案例 16：爬取騰訊招聘（ajax 版 + 多線程版）

通過分析我們發現，騰訊招聘使用的是 ajax 的數據接口，因此我們直接去尋找 ajax 的數據接口鏈接。

import requests, json


class Tencent(object):
   def __init__(self):
       self.base_url = 'https://careers.tencent.com/tencentcareer/api/post/Query?'
       self.headers = {
           'sec-fetch-mode': 'cors',
           'sec-fetch-site': 'same-origin',
           'user-agent': 'Mozilla/5.0 (Windows NT 6.1; Win64; x64) AppleWebKit/537.36 (KHTML, like Gecko) Chrome/77.0.3865.90 Safari/537.36',
           'referer': 'https://careers.tencent.com/search.html'
       }

       self.parse()

   def parse(self):
       for i in range(1, 3):
           params = {
               'timestamp': '1572850838681',
               'countryId': '',
               'cityId': '',
               'bgIds': '',
               'productId': '',
               'categoryId': '',
               'parentCategoryId': '',
               'attrId': '',
               'keyword': '',
               'pageIndex': str(i),
               'pageSize': '10',
               'language': 'zh-cn',
               'area': 'cn'
           }
           response = requests.get(self.base_url, headers=self.headers, params=params)
           self.parse_json(response.text)

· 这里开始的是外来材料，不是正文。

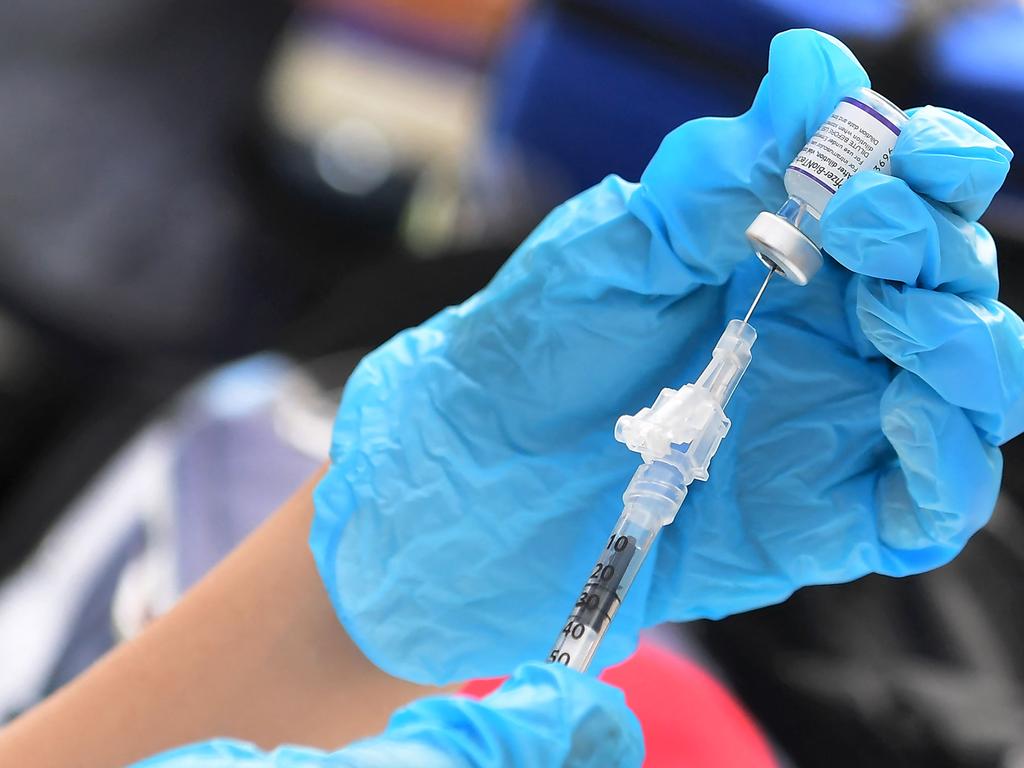 Australia has an 85 per cent vaccination rate. Picture: AFP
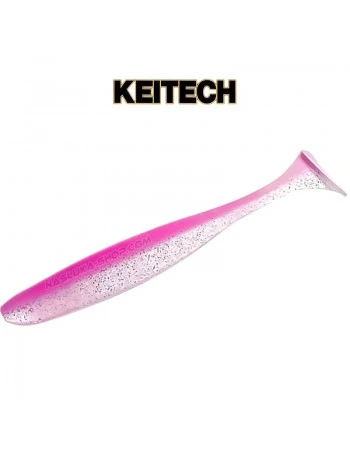 Силиконови примамки Keitech Easy Shiner - 10.2см, цвят EA08T Bubblegum Shiner - 7 бр.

   def parse_json(self, text):
       # 將json字符串編程python內置對象
       infos = []
       json_dict = json.loads(text)
       for data in json_dict['Data']['Posts']:
           RecruitPostName = data['RecruitPostName']
           CategoryName = data['CategoryName']
           Responsibility = data['Responsibility']
           LastUpdateTime = data['LastUpdateTime']
           detail_url = data['PostURL']
           item = {}
           item['RecruitPostName'] = RecruitPostName
           item['CategoryName'] = CategoryName
           item['Responsibility'] = Responsibility
           item['LastUpdateTime'] = LastUpdateTime
           item['detail_url'] = detail_url
           # print(item)
           infos.append(item)
       self.write_to_file(infos)

   def write_to_file(self, list_):
       for item in list_:
           with open('infos.txt', 'a+', encoding='utf-8') as fp:
               fp.writelines(str(item))


if __name__ == '__main__':
   t = Tencent()

改為多線程版后

import requests, json, threading


class Tencent(object):
   def __init__(self):
       self.base_url = 'https://careers.tencent.com/tencentcareer/api/post/Query?'
       self.headers = {
           'sec-fetch-mode': 'cors',
           'sec-fetch-site': 'same-origin',
           'user-agent': 'Mozilla/5.0 (Windows NT 6.1; Win64; x64) AppleWebKit/537.36 (KHTML, like Gecko) Chrome/77.0.3865.90 Safari/537.36',
           'referer': 'https://careers.tencent.com/search.html'
       }

       self.parse()

   def parse(self):
       for i in range(1, 3):
           params = {
               'timestamp': '1572850838681',
               'countryId': '',
               'cityId': '',
               'bgIds': '',
               'productId': '',
               'categoryId': '',
               'parentCategoryId': '',
               'attrId': '',
               'keyword': '',
               'pageIndex': str(i),
               'pageSize': '10',
               'language': 'zh-cn',
               'area': 'cn'
           }
           response = requests.get(self.base_url, headers=self.headers, params=params)
           self.parse_json(response.text)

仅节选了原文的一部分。